_TASK REQUIREMENTS_
Find the line below with "钢骨架轻型板电厂工程案例". Print it and every line after it exactly, through the last line, leaving out the pictures.

_GIVEN DATA_
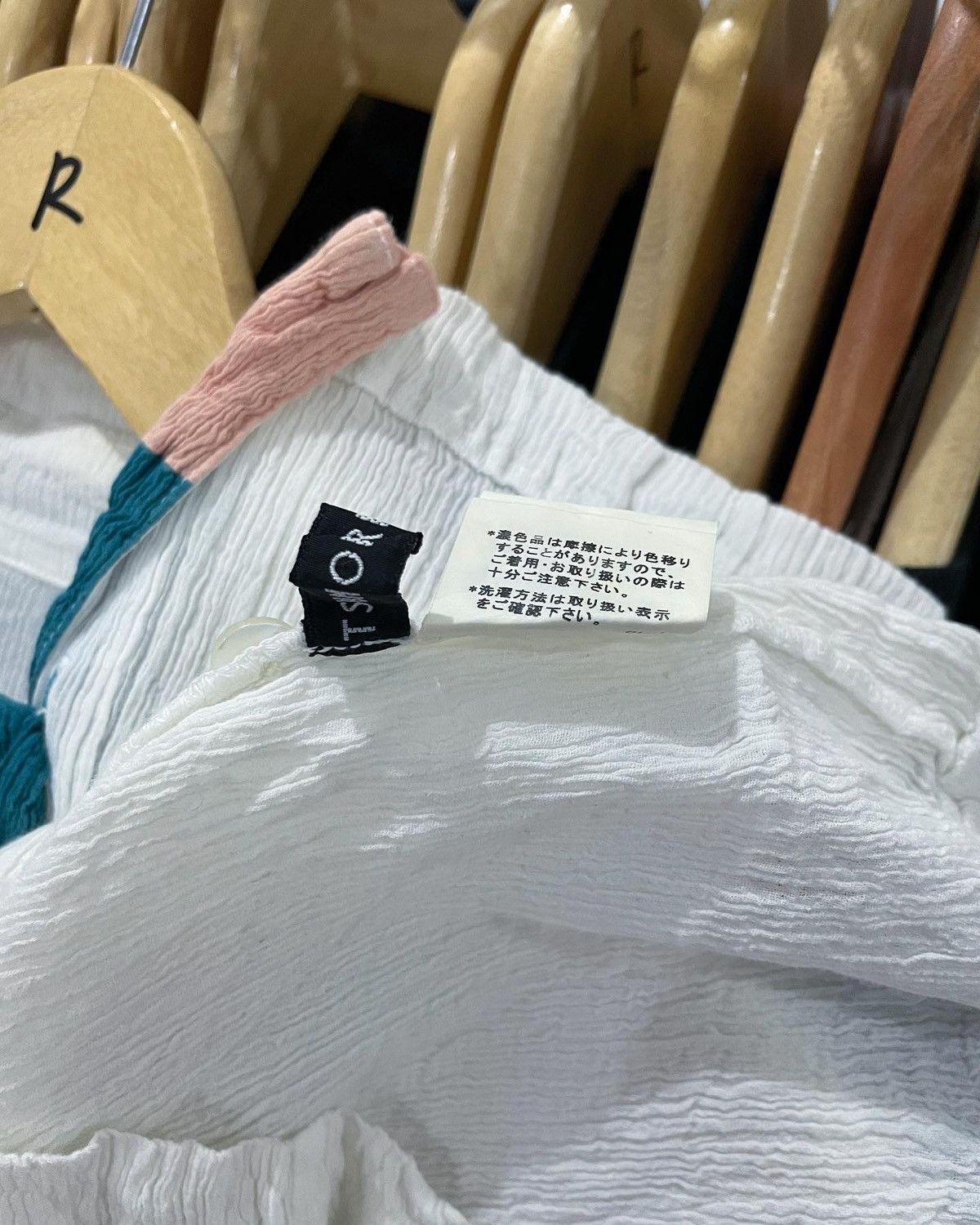 Japanese Brand × Pleats Please Issey Miyake × Tsumori Chisato Vintage Tsumori chisato pleats shirt Size US M / EU 48-50 / 2 - 9 Thumbnail
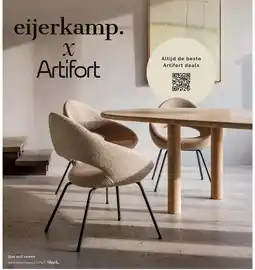 Eijerkamp Stel zelf samen eetkamerstoel Artifort Shark aanbieding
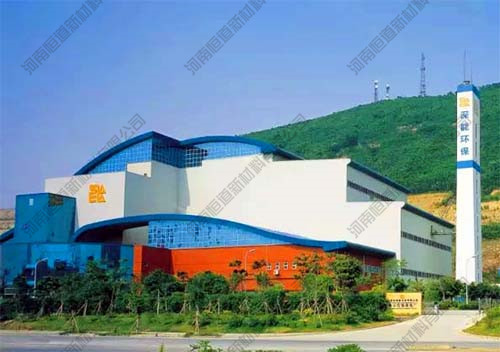 钢骨架轻型板电厂工程案例
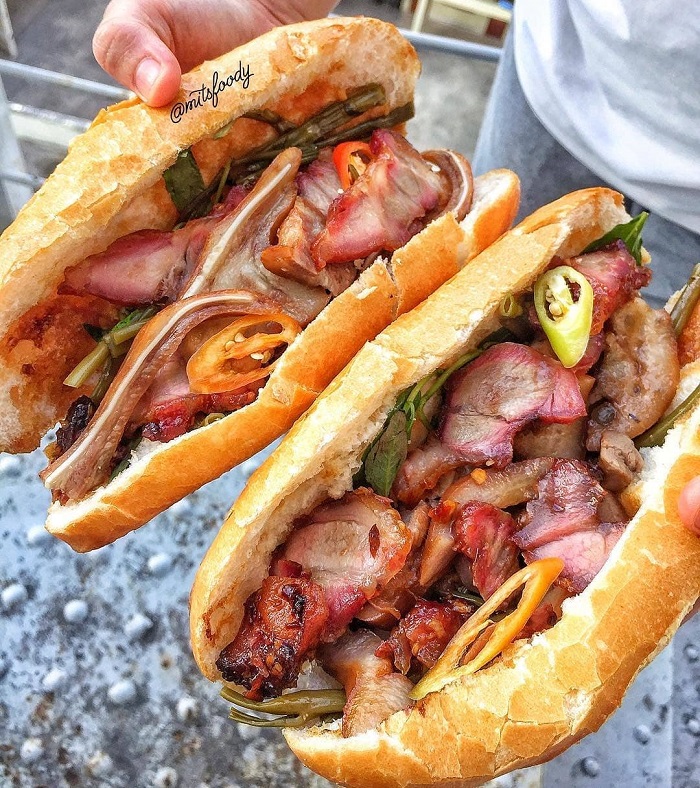 quán bánh mì phá lấu ở TP HCM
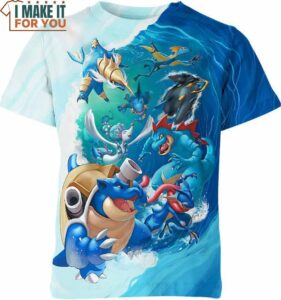Pokemon 3D Shirt Pokemon Gifts for Men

_RESPONSE TO THIS TASK_
 钢骨架轻型板电厂工程案例
 quán bánh mì phá lấu ở TP HCM
Pokemon 3D Shirt Pokemon Gifts for Men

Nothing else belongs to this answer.